Photo Courtesy of Margot Cohen

This weekend the thirteen students, my resident director and her husband ventured to Granada and Córdoba. We took the fast train and spent the most beautiful three days in these cities (save the rain that came in Córdoba just in time for our taxi ride to the Renfe station). Friday afternoon we explored around the Albaicín, the Old Arab Quarter, continually walking up steep cobblestone paths and taking in the scenery.

Photo Courtesy of Margot Cohen

It was quite literally breathtaking; to not only see the city below, and the snow-capped Sierra Nevada enveloping the Alhambra right at eye-level, but also for me, with my years of athleticism in handling a remote control and keyboard, physically climbing up the stairs and ramps. And so starts my desire to add some running into my siesta. There were many patios and restaurants, where hippies and gypsies roamed amongst the potent smell of pot and incense. The group stopped for sweet sangria and fried calamari and eggplant, listening to the street performers and basking in the sun. It was the perfect afternoon.
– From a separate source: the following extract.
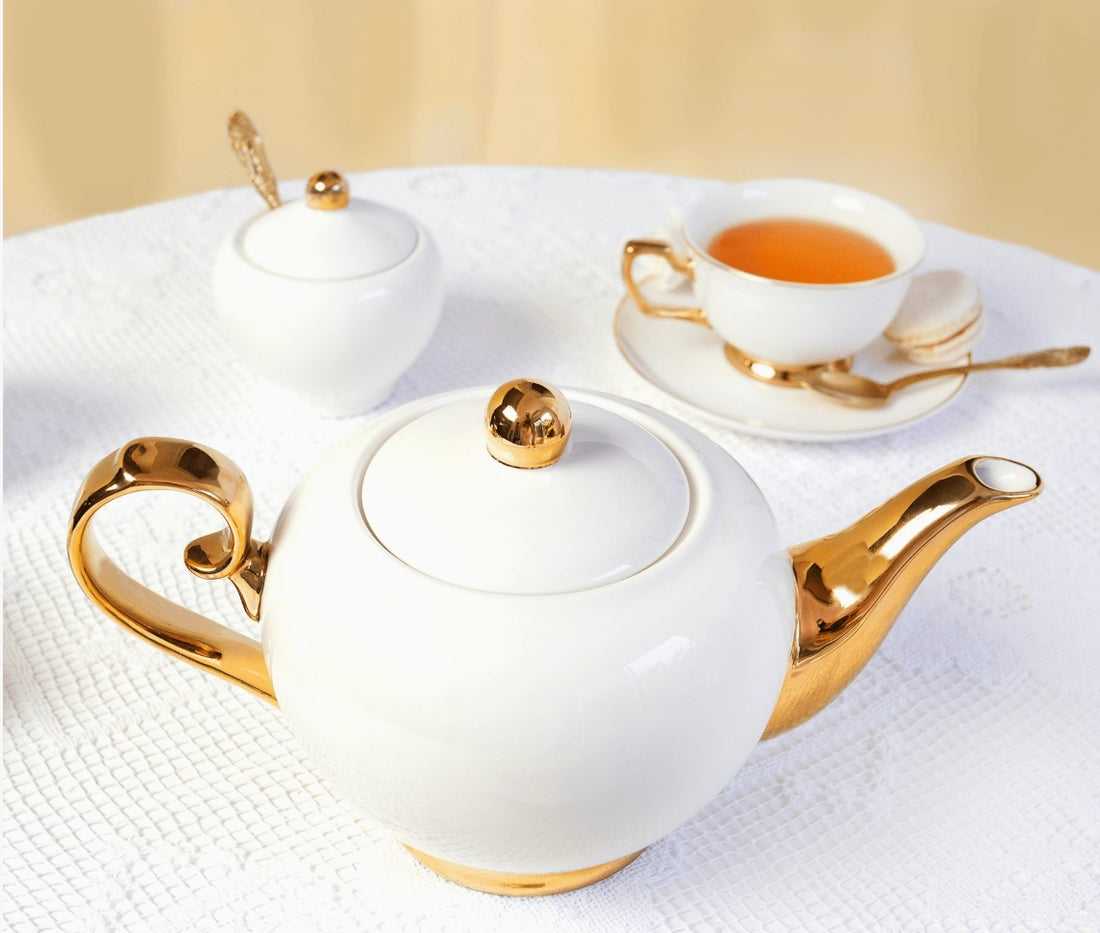 Skin Like Butter & Co ~ Essentials for Spilling the Tea - when you need to make a big impression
The Alhambra is big on reflections and all the symbolism that they inspire. The guide emphasized the importance of water and it’s many functions, the miracle of their aqueducts, the flawless mirror quality of the Alhambra’s picturesque pool of water and the infinite properties of the meticulously intricate (yes, I know I am being repetitive, and redundant, but I can go on forever) Arabic designs that line the walls. In a grander sense, my experience in Granada was composed by a mirror image; seeing the Alhambra from the look-out point in the Albaicín, and viewing the Albaicín from the Alhambra’s windows.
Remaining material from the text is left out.